As time gets closer to Christmas, people around me are getting ready to go home to spend time with their families. They talk about preparations they have to do for their gathering and how crazy it’s going to be.
As crazy and hectic it may be, I wish I had preparations to get ready for. I wish that I can see my parents. I wish that I don’t have to spend this holiday with an empty hole inside of me.
A few days ago, I heart a heart to heart conversation with my co-worker. She told me that she doesn’t like this time of the year because it reminds her of her mother who passed away when she was 8 years old. People tell her that it was probably easier that she lost her mother when she was that young because she wouldn’t remember as much. But it’s never easy. How could it ever be?
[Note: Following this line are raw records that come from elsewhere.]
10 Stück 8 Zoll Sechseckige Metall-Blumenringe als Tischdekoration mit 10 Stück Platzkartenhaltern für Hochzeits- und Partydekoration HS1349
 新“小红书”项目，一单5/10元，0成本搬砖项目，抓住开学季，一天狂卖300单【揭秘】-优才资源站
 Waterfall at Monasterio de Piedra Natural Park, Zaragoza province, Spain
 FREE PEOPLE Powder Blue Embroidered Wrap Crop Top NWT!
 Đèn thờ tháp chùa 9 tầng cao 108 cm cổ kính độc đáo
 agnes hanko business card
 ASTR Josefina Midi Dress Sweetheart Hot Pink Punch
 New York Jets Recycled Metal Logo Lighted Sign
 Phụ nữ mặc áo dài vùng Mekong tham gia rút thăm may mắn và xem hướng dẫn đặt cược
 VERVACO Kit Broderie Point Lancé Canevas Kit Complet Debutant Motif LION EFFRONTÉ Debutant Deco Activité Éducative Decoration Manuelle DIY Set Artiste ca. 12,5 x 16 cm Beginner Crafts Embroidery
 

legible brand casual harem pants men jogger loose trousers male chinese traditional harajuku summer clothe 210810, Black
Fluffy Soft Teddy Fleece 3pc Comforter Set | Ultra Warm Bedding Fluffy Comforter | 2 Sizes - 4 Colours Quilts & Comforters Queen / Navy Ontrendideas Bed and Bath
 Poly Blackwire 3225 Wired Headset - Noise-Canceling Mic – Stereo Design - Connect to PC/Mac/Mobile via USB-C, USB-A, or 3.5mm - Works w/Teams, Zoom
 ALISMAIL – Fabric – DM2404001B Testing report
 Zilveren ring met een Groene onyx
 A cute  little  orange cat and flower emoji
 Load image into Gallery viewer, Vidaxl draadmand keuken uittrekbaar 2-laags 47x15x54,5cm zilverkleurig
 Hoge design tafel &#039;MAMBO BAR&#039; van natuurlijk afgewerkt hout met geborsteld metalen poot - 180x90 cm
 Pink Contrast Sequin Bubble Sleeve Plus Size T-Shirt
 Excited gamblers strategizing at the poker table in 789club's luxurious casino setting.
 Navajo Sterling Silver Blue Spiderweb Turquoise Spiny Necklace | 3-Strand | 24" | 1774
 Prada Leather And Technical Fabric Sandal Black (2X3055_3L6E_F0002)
We felt an instant connection when we learned that both our mothers suffered a stroke from a brain aneurysm. The image of my mom in the ICU, being hooked to countless machines & tubes, the unanswered response when I call her name, continues to haunt me every once in a while. But thankfully, my mom made it through. Unfortunately, hers didn’t. She was only 38.
Every day is a struggle for my mom to this day. She has to rely on my dad to take care of her, and she can no longer do the things she used to be able to do. Life isn’t fair at all sometimes. But she is still here. And when I hear things like what happened to my co-worker, it does put things more into perspective. For one, I am grateful that she made it, but I do hope that my mom finds a way to enjoy life again.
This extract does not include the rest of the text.